連載【第037回】: 散文詩による小説: Dance Obscura: sleepless forest 3

 sleepless forest 3
 癌細胞「そもそも自分が質的に異なる生物なのか、あるいは分類学的に別種なのか、それともたんに異物なのか、侵入者なのか、どの立場から評価されて修復の対象になっているのだろうか」
 細密画家「そのとき私は作為的なことを考えずに、指のままに、筆先のなせるままに、オートマチックな行為に埋没し、増殖したり消滅したりする小さなものたちの思いをひっきりなしに追いかけていたような気がする。刺したり刺されたり、侵したり侵されたりするさまはまるで生殖と同じ行為だ」
 癌細胞「まずそのことを指摘しておく。生殖こそファシズムなのだと。画家であるおまえは正常細胞と異常細胞のどちらの出自もその未来も同じものだということを述べているに違いない」
 サディ現象「異常細胞は、植物の造形や、あるサイズを持つ生命のかたまりが、運命づけられた成長計画と切り離され、恣意的な自己成長のかつてなかった組み合わせを創造し、増殖していく」

 細密画家「たしかに癌細胞の遺伝子変異はより高度な技術を持っているのかもしれない。

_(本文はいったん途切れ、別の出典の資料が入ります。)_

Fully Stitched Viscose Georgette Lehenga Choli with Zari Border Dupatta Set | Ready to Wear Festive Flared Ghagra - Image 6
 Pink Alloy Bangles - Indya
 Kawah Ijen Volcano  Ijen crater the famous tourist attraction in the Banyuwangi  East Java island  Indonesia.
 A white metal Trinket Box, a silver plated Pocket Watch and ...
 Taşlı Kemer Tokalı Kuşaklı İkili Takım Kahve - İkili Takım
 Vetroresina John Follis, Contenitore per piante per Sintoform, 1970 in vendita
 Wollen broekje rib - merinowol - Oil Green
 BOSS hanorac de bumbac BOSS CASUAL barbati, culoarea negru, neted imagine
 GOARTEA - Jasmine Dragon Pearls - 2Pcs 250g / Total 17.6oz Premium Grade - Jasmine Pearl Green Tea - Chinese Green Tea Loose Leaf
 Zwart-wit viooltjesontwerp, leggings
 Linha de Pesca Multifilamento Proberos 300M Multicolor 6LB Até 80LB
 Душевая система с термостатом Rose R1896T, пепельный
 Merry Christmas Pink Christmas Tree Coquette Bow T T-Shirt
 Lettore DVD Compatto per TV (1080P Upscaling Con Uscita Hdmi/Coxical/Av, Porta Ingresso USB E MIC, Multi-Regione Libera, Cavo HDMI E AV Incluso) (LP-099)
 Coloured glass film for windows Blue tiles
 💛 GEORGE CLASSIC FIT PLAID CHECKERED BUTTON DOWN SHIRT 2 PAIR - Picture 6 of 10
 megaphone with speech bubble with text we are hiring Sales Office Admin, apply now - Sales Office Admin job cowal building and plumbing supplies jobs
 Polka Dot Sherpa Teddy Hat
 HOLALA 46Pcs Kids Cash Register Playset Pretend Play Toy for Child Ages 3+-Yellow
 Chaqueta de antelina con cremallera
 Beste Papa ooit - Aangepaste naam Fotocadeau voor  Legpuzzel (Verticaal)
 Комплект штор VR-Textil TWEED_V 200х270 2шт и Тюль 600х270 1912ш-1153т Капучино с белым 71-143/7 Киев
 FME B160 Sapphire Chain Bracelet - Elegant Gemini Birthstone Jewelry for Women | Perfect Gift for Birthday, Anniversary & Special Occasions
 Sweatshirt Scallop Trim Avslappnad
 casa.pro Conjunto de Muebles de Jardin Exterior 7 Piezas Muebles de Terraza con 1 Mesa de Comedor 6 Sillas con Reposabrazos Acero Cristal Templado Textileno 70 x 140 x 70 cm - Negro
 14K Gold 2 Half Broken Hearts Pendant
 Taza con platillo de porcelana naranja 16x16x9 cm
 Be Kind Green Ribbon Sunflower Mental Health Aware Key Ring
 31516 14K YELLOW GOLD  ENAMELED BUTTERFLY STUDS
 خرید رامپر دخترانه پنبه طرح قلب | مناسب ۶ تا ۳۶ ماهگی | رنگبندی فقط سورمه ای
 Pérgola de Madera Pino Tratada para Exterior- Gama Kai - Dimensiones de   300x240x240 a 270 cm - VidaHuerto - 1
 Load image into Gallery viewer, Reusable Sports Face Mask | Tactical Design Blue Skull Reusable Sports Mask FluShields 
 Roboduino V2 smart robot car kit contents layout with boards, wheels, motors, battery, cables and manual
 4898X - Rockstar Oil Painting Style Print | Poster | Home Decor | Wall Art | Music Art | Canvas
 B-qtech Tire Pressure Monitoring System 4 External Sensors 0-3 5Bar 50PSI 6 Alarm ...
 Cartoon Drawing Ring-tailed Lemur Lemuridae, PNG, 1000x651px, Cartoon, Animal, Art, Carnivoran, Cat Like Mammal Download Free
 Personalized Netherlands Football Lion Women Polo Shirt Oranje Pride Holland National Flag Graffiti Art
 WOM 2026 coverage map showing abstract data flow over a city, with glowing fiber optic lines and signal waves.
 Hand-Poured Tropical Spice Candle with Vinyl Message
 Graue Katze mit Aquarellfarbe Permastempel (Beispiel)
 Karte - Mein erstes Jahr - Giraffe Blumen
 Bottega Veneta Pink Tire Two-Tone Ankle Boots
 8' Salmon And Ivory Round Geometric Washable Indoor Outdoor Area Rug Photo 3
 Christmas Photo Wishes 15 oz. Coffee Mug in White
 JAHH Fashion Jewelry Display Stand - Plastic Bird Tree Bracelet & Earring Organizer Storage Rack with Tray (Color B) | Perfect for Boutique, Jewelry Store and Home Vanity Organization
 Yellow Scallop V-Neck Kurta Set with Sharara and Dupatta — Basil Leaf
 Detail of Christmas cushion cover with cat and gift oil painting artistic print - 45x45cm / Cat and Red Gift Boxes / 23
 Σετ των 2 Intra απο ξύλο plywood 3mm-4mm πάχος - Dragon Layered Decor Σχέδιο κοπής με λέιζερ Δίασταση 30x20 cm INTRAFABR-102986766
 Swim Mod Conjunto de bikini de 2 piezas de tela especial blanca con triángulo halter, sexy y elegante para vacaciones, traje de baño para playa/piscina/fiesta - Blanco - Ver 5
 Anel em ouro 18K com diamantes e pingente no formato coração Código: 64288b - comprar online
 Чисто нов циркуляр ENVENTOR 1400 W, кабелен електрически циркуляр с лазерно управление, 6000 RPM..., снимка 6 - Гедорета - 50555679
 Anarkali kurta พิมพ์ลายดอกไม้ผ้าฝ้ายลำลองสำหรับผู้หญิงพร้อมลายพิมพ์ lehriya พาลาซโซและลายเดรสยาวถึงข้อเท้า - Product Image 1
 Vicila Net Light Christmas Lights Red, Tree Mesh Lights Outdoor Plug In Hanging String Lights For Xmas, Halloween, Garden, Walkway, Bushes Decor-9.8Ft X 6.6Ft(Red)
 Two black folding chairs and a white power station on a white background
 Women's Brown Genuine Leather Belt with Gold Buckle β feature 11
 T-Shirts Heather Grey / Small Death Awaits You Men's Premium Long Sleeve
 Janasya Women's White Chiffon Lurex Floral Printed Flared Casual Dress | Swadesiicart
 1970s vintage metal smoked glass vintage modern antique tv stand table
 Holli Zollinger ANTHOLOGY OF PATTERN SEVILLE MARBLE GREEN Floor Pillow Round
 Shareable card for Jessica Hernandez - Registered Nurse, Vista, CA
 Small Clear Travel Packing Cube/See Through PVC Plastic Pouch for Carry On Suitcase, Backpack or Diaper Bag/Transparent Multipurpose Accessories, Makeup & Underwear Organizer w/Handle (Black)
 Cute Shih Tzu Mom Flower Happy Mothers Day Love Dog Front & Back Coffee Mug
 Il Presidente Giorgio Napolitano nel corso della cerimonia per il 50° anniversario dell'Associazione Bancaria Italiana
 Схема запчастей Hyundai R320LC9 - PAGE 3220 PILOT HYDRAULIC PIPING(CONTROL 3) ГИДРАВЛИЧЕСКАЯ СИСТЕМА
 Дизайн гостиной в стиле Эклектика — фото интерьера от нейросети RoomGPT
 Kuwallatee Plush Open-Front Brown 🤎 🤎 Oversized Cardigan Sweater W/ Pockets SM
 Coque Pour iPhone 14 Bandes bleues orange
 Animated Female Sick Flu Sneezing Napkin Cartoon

その姿態をグロテスクと見るのは、グロテスクな生命進化の世界で最も美しいものに出会っていることを忘れているからだ」
 癌細胞「それはこれまでの治療の古い歴史に沿うことでもなく、治癒という概念に囚われることでもない。目の前の劇的な新薬に心奪われ、運命とも寿命ともつかぬものに支配されているのだから」
 サディ現象「画家の主張する純粋美術とはイメージの世界のことで、物質的存在ではない。しかし、それはやはり物質的環境、とりわけ経済的価値の問題なのだ。つまり、美術的価値とはどこまでいっても価格評価の問題にすぎない」
 細密画家「しかし、私の用いるイメージの素材はそれぞれの存在の目的・理由とは無関係に、ミクロの世界では肉眼では見ることはできないし、機械的な方法を使っても到達はできない。数学的な手法、物理学的な思考を使う以外には」(つづく)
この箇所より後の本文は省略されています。